The Robo Ranking performance score is based on the account’s Sharpe ratio and performance compared to the account’s Normalized Benchmark. This Ranking uses data from the 3-year period ending December 31, 2020.

SigFig takes First Place

SigFig wins the Best Robo for Performance at a Low Cost award for a second consecutive Robo Ranking. From a returns perspective, SigFig was tied for first place with Wells Fargo Intuitive Investor. They both returned 0.23% above the Normalized Benchmark, while the average robo in the Ranking underperformed its Normalized Benchmark by -1.15%. 

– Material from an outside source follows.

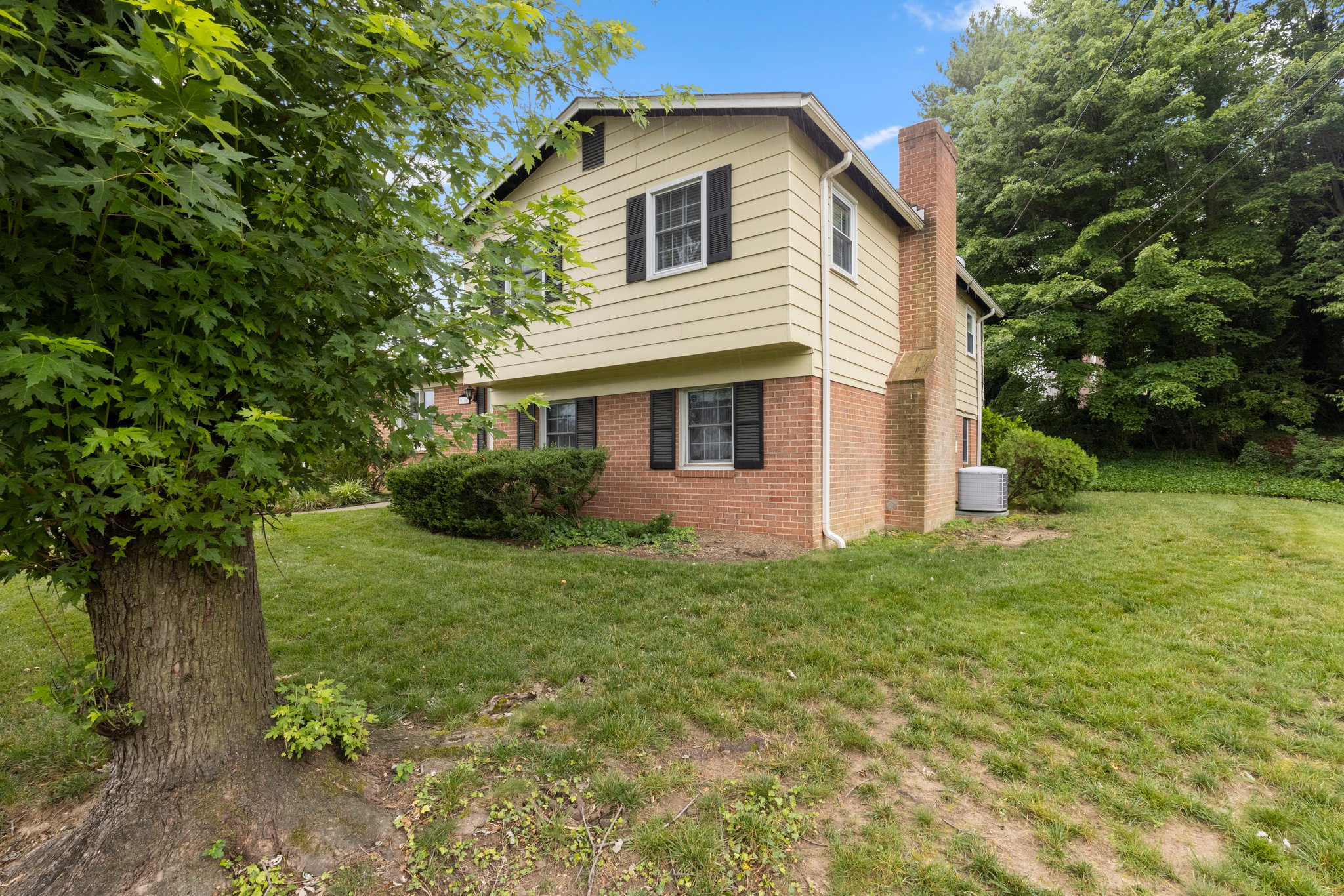 9706 Laconia Dr, Adelphi, MD 20783 housefli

Additionally, SigFig’s Sharpe ratio was 0.59, while the group’s average was 0.48, meaning that SigFig not only had compelling returns but took an efficient level of risk to achieve those returns. Over the last three years, SigFig’s equity holdings benefited greatly from a few major themes. 

A Look at Returns

First, it avoided a value tilt during a period when the Russell 3000 Value Index returned 18.70% and the Russell 3000 Growth Index returned 83.84%, for the 3-year period ending December 31st, 2020. Approximately one-third of SigFig’s entire portfolio is in VTI, Vanguard’s Total Stock Market ETF. This fund is neutral in terms of its equity style, meaning that it does not exhibit a significant tilt towards growth or value. The ETF is, however, weighted towards large- and mega-cap holdings. While small-caps had a fantastic fourth quarter of 2020, favoring large-cap stocks benefited SigFig as they substantially outperformed mid-cap and small-cap stocks over a longer period.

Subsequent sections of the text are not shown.